╭─ MATERIAL PROVIDED

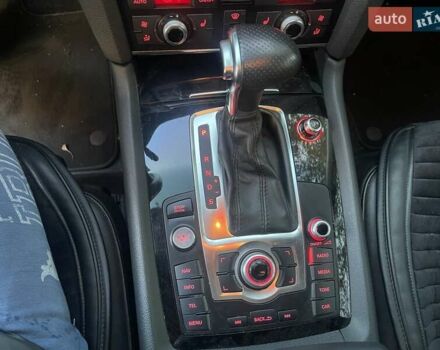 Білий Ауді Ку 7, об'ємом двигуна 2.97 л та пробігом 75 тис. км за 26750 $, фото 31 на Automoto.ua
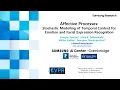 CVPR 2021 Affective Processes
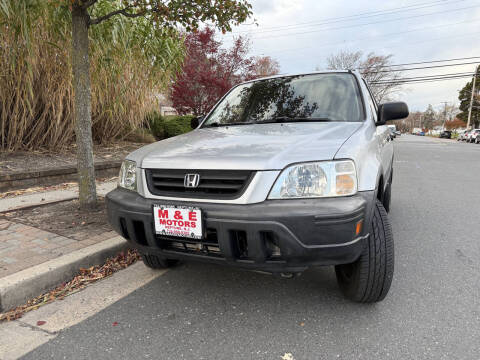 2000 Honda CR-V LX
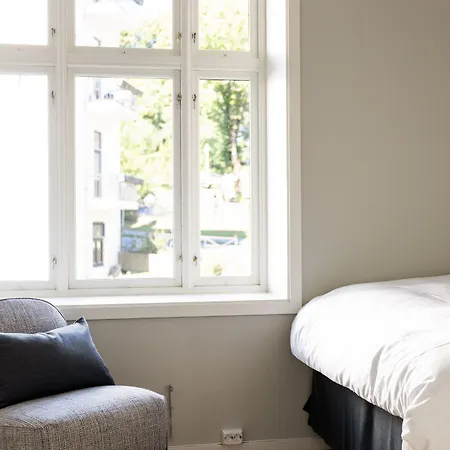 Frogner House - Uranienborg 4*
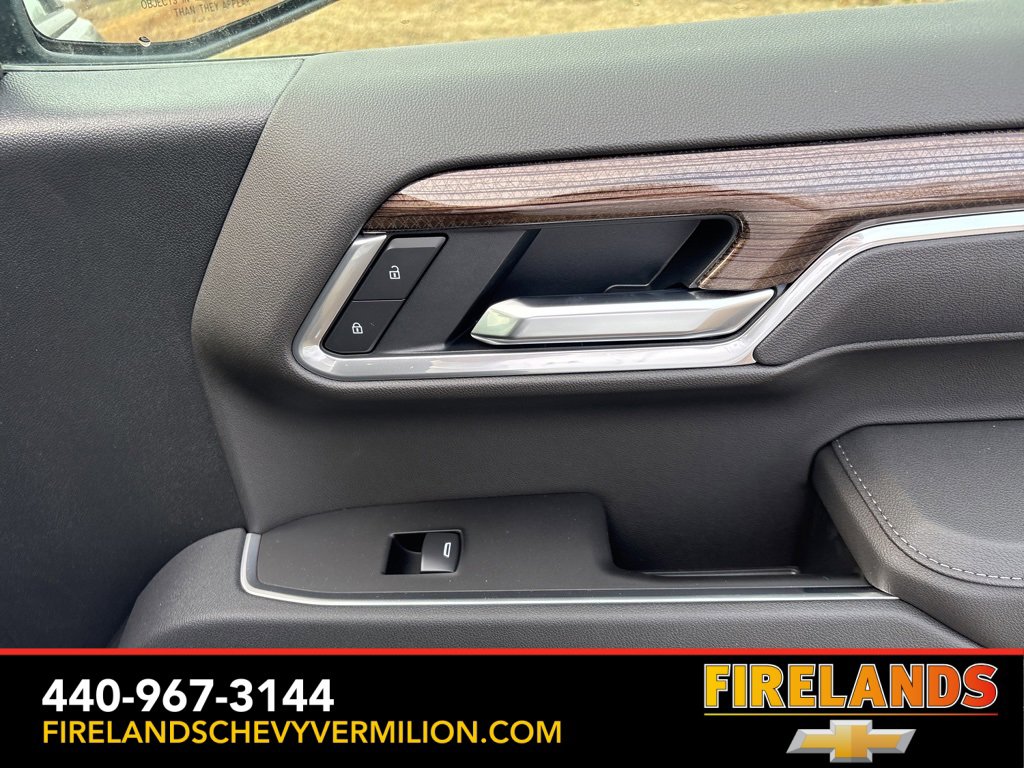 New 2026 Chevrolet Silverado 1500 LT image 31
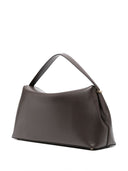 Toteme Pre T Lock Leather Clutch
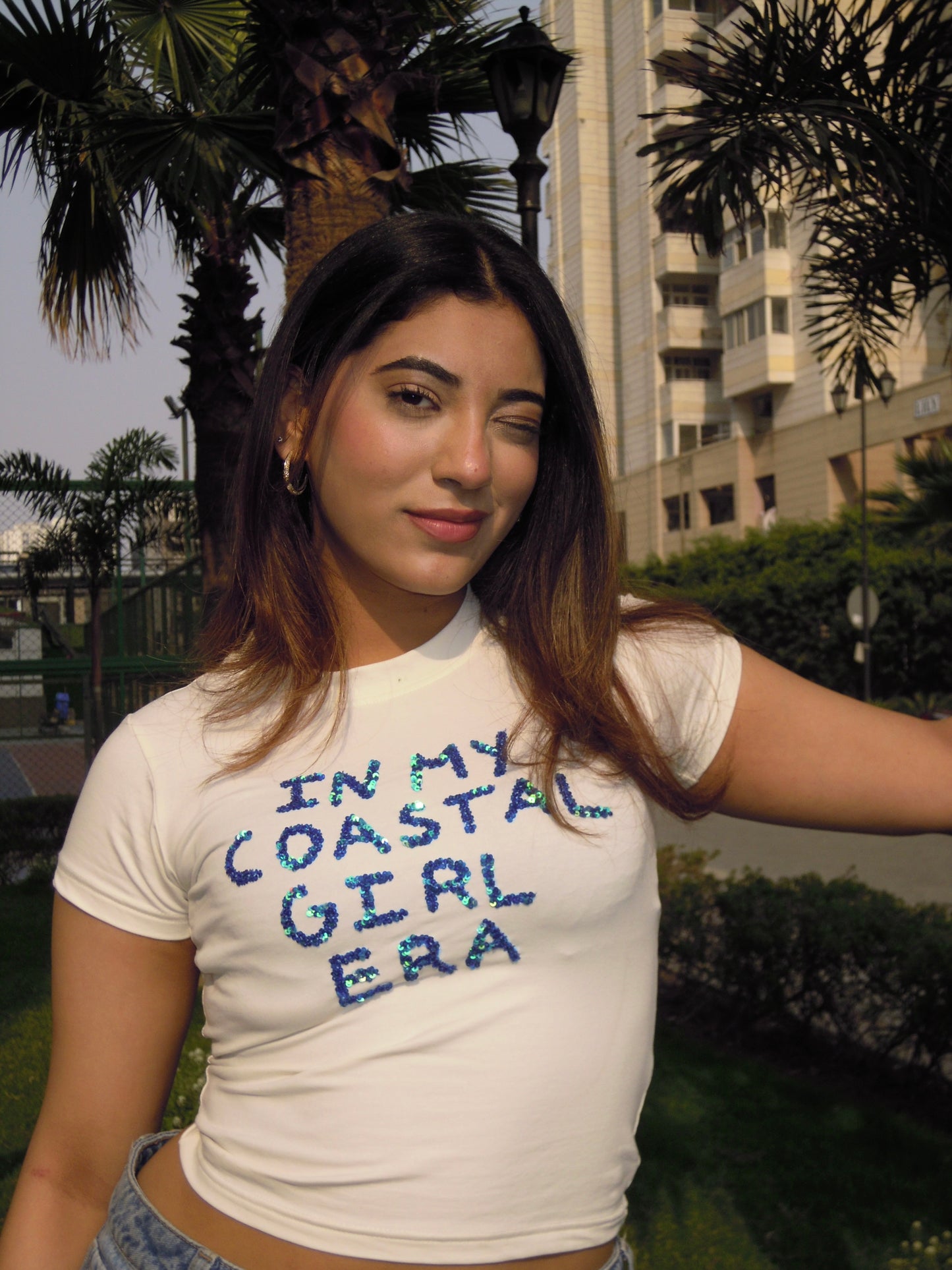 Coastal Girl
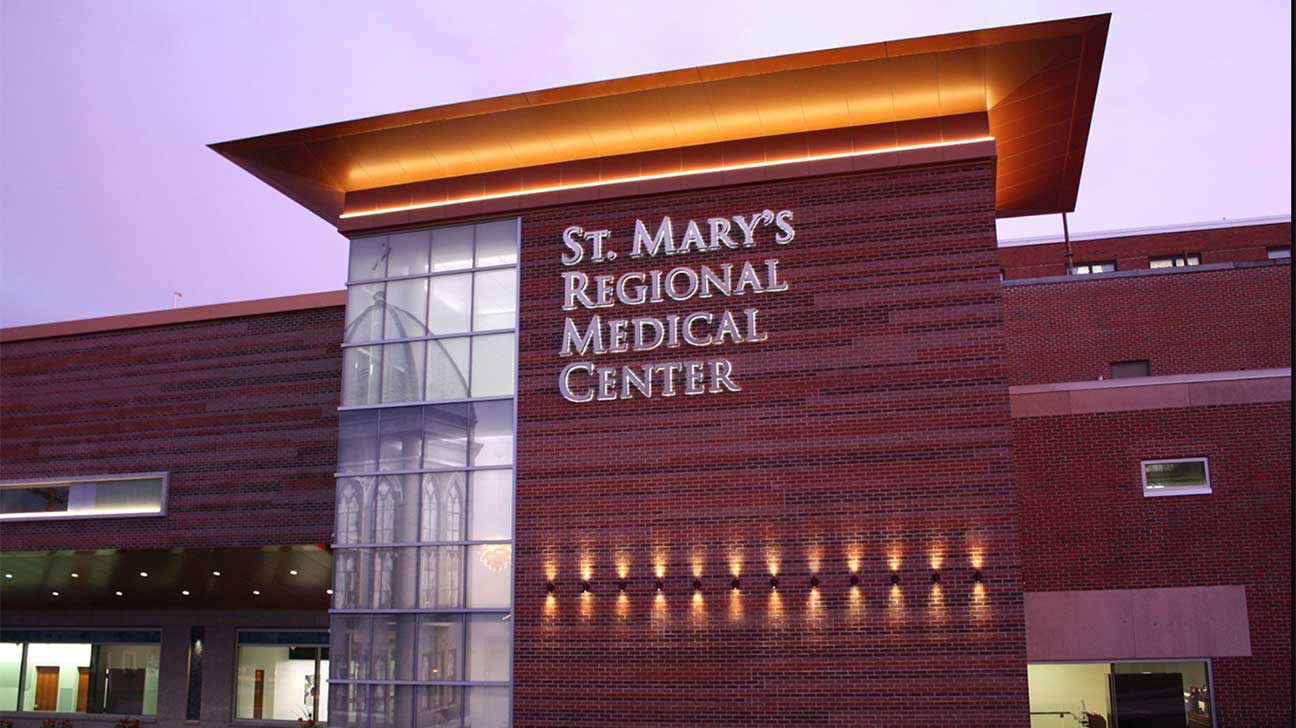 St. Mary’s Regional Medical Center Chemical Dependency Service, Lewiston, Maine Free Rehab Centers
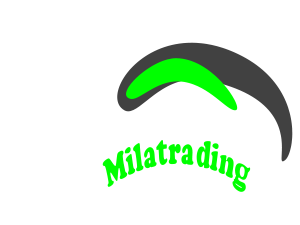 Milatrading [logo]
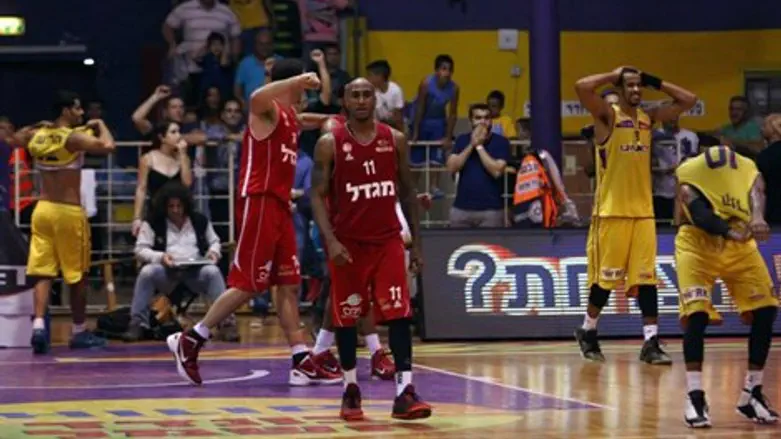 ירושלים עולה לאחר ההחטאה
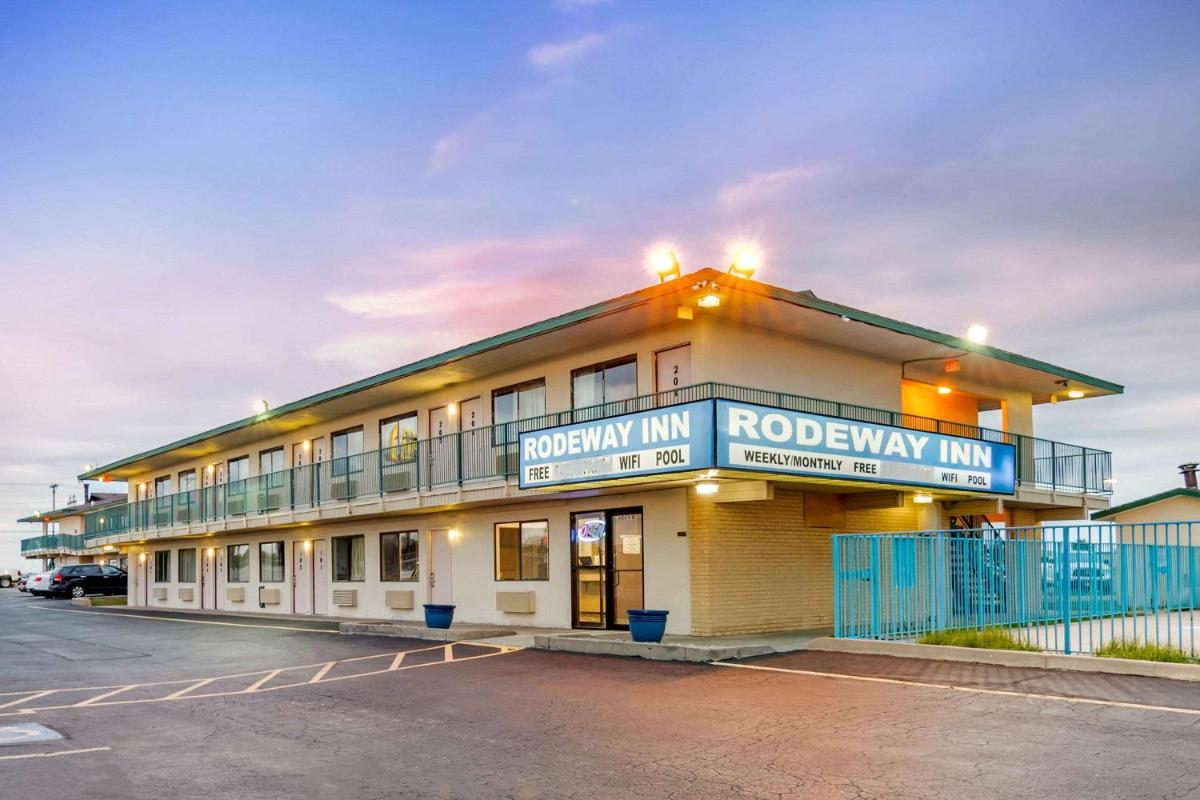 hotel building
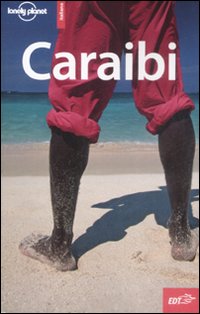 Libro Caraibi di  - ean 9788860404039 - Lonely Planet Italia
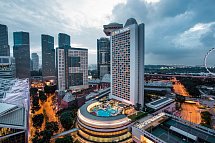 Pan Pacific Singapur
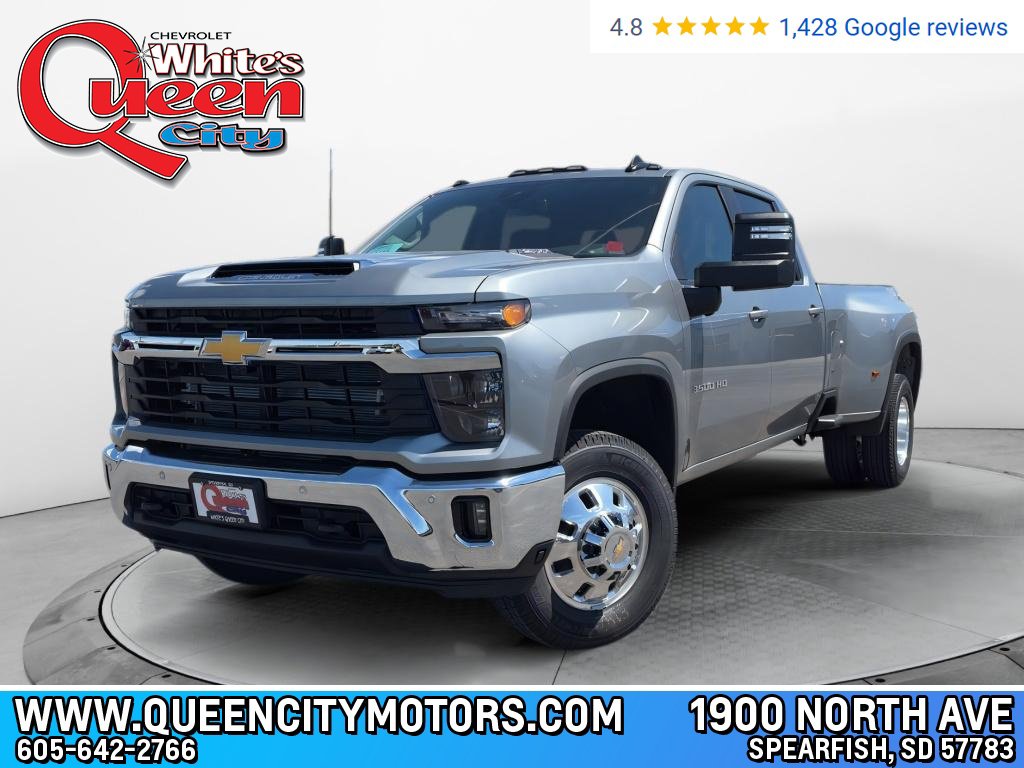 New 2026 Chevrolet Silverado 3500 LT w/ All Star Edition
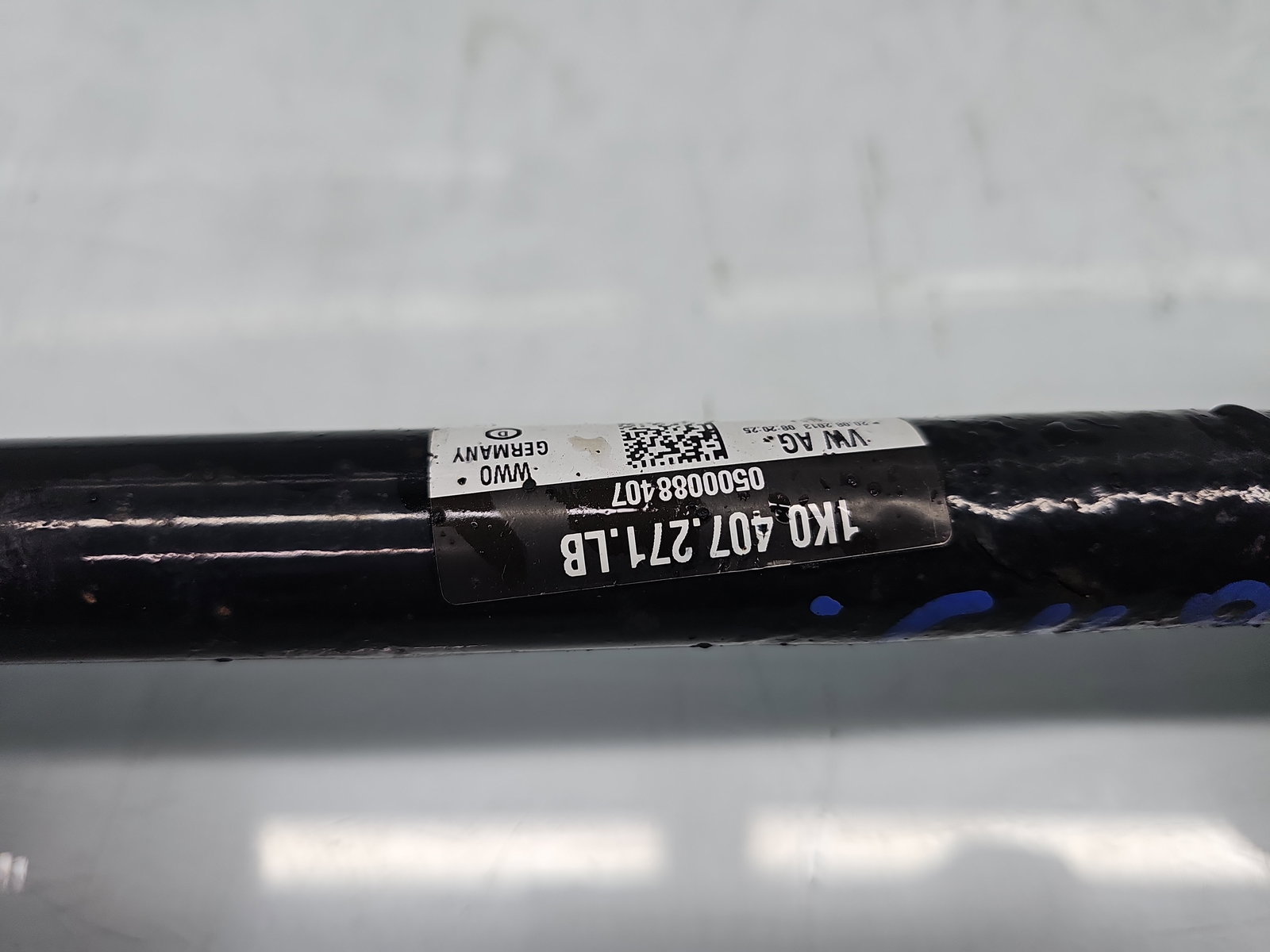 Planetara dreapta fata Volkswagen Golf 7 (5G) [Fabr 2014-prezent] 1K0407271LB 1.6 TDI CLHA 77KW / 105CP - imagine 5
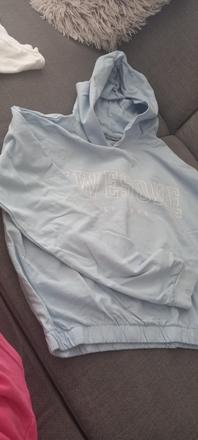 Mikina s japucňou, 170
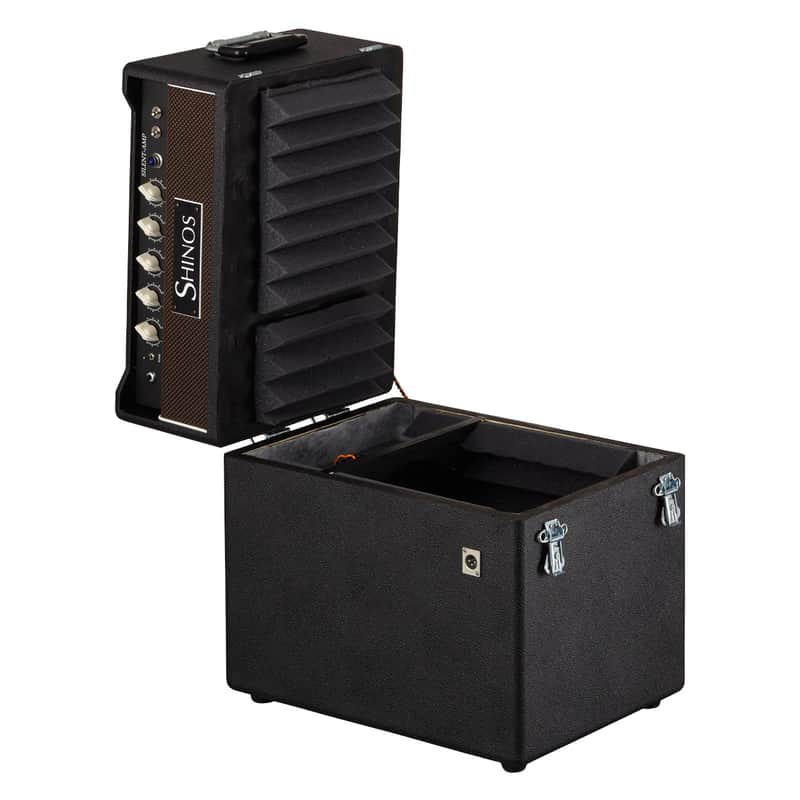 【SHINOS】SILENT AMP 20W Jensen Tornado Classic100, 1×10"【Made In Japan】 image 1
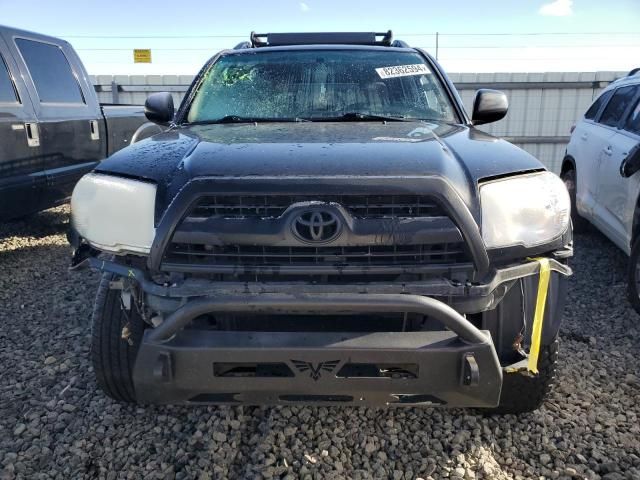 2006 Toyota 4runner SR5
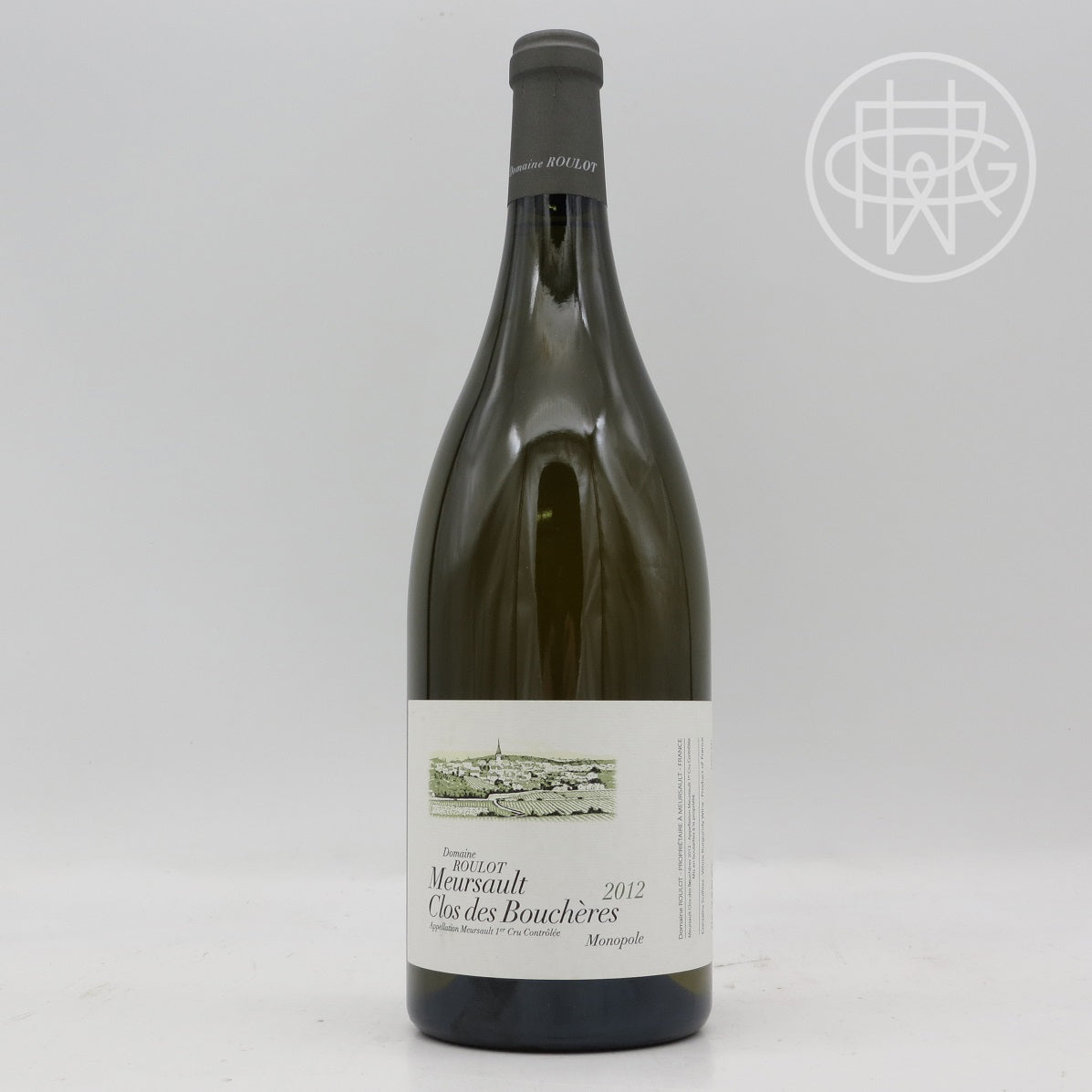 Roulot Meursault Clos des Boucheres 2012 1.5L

╰─

▶ **PROBLEM REQUIREMENTS**
Copy these entries precisely and drop any picture.

▶ **TASK ANSWER**
 Білий Ауді Ку 7, об'ємом двигуна 2.97 л та пробігом 75 тис. км за 26750 $, фото 31 на Automoto.ua
 CVPR 2021 Affective Processes
 2000 Honda CR-V LX
 Frogner House - Uranienborg 4*
 New 2026 Chevrolet Silverado 1500 LT image 31
 Toteme Pre T Lock Leather Clutch
 Coastal Girl
 St. Mary’s Regional Medical Center Chemical Dependency Service, Lewiston, Maine Free Rehab Centers
 Milatrading [logo]
 ירושלים עולה לאחר ההחטאה
 hotel building
 Libro Caraibi di  - ean 9788860404039 - Lonely Planet Italia
 Pan Pacific Singapur
 New 2026 Chevrolet Silverado 3500 LT w/ All Star Edition
 Planetara dreapta fata Volkswagen Golf 7 (5G) [Fabr 2014-prezent] 1K0407271LB 1.6 TDI CLHA 77KW / 105CP - imagine 5
 Mikina s japucňou, 170
 【SHINOS】SILENT AMP 20W Jensen Tornado Classic100, 1×10"【Made In Japan】 image 1
 2006 Toyota 4runner SR5
 Roulot Meursault Clos des Boucheres 2012 1.5L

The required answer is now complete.